Along with Andy Warhol and Roy Lichtenstein, Claes Oldenburg was one of the most important representatives of Pop Art. His huge sculptures can be found all over the world – including in Germany. Now Oldenburg has died at the age of 93.
Pop artist Claes Oldenburg is dead. Oldenburg died in New York on Monday at the age of 93, a spokeswoman for the Pace gallery, which has represented the artist since 1960, told the DPA news agency. The artist recently recovered from a fall in his studio in SoHo, where he also lived. “I was honored to have a great friendship with one of the most radical artists of the 20th century,” gallery founder Arne Glimcher was quoted as saying. “He changed the nature of sculpture from hard to soft and his impact on the art world is still visible today.”
Oldenburg at eye level with Andy Warhol
Oldenburg elevated the Pop Art of the 1960s, which primarily took place in prints and paintings, to sculpture and humorously placed consumer objects in a new context. Along with Andy Warhol and Roy Lichtenstein, he was one of the greatest representatives of the movement.

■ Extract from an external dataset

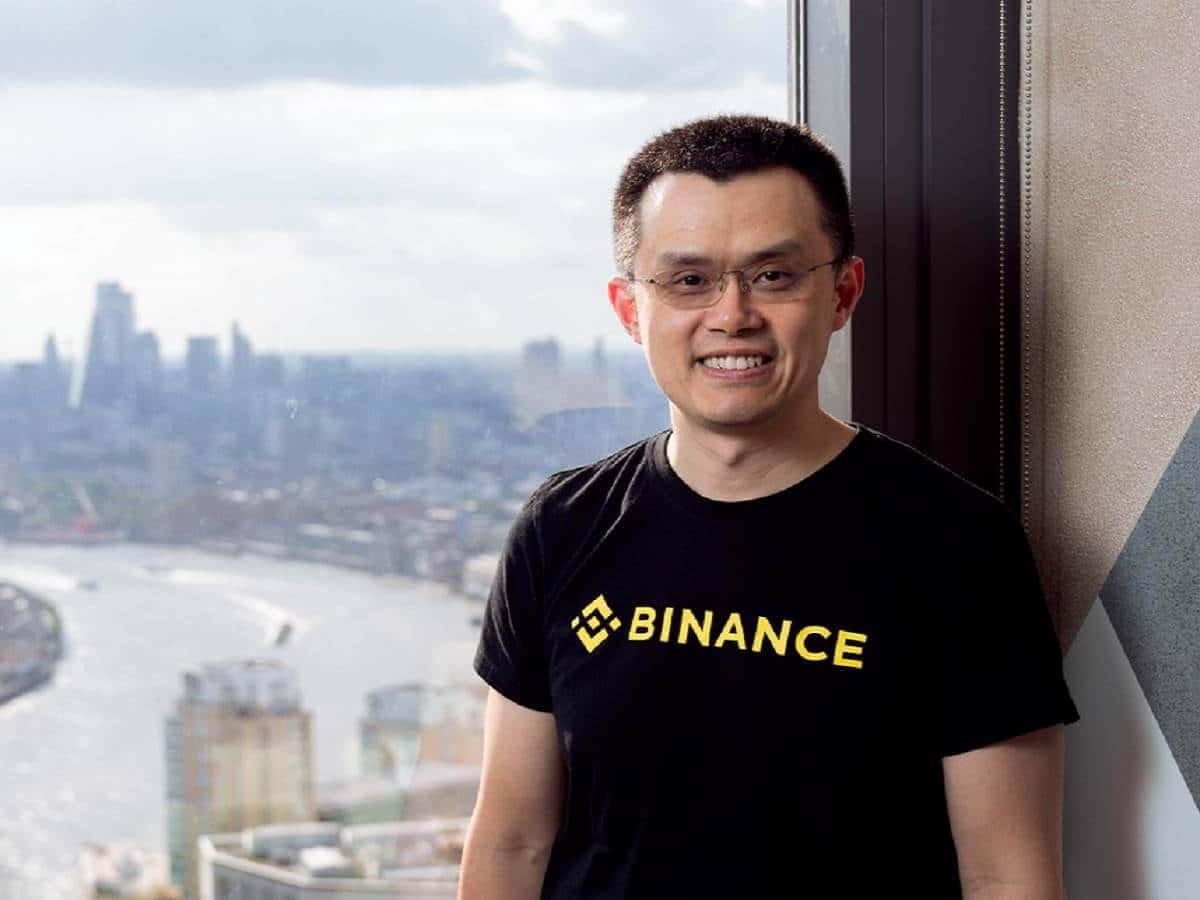 "Explore The World Of Crypto Currency With Binance"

Claes Thure Oldenburg was born in Stockholm in 1929, a few years later the family moved to the USA. He studied at Yale and tried his hand as a reporter at the City News Bureau in Chicago, but then attended the Art Institute of Chicago and illustrated for magazines. After moving to New York in 1953, with American citizenship in his pocket, he experimented with papier-mâché and plaster of Paris in his first shows.
The art world received him enthusiastically – also in Germany. In Kassel, the multiple Documenta artist hewed a twelve meter high pickaxe into the Fulda riverbank. In Frankfurt it was almost as high a tie. In Münster billiard balls, in Cologne an ice cream cone and in Freiburg a water tap with a hose.